The work is an evaluation-type work, but an PLDI paper. The paper presents performance eval- uation of the reference locality of five popular memory allocators on five large allocation-intensive C programs. Why is locality important in memory allocators? The measurement in this paper demonstrated increased cache misses by allocators could increase program execution time by up to 25%.
The five evaluated allocators are FirstFit, GNU C++, BSD, GNU LOCAL and QUICKFIT. Introduction of them is ignored here. The paper traced executions of the five applications using the five allocators, and used these traces to measure page fault rate and cache miss rate.
Regarding page reference locality, the paper summarized a few conclusions. Reducing the amount of memory needed by an application has the greatest influence on the paging rate, which is obviously true. Thus, space efficient allocator is more important for co-run programs. Traces suggest that applications often have “S”-type curve relationships between memory needed and page fault rate. For FirstFit and GNU C++ allocators, they find free objects by traversing a liked-list type data structure and coalesce contiguous free objects. But, traversing a link list may cause poor locality since the nodes in a link list may be scattered throughout the virtual address space. This observation is important.
Regarding cache reference locality, two conclusions are appealing to me. The first is, as above, traversing a link list type data structure or coalescing contiguous objects is disastrous for cache locality, like in FirstFit and GNU C++. For an allocator carefully designed for locality, such as GNU LOCAL, the effect of locality design is not significant. Small caches cannot obtain enough of working set, so all allocators perform bad. For large caches, all allocators perform well due to working set is relatively small. Of course, “large”, “small” are relative. However, the specific locality design also incurs more program execution time, which negates cache miss degradation. Another conclusion is that boundary tags, that is meta-data in GNU ++, increase execution time by 0.1% to 1.1% or probably more due to cache miss penalty increases.

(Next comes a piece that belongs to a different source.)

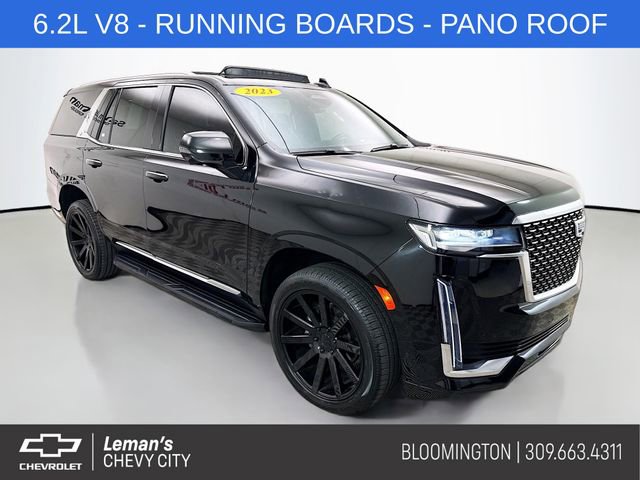 Used 2023 Cadillac Escalade Premium Luxury w/ Performance Package image 1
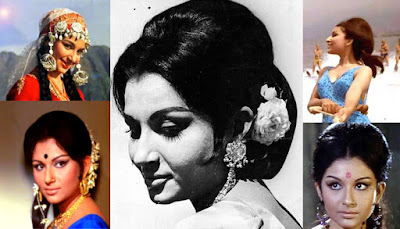 shrmila tagore movies list | 70s old movies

Last, the paper presents two inefficient design elements: One is search and coalescing in alloca- tors. Like dlmalloc and ptmalloc, they use search for best-fit policy when allocating objects, which is for low fragmentation and coalescing for contiguous objects when de-allocating objects, which is for space efficient, also low fragmentation. The other one is explicit cache management. The reason is that carefully crafted allocators for locality don’t lower cache misses significantly. Even if the cache miss degradation is significant, due to small cache miss penalty, the performance gain cannot beat performance loss incurred by implementation of it.
Thinking about the state-of-the-art allocators, such as tcmalloc, jemalloc, etc, they really re- move search and coalescing operations, and don’t pay too many efforts on locality design with the exception of LIFO link lists for temporal locality. To be simple, a small locality effort, say 20%, in allocators already earns enough locality credits, say 80%.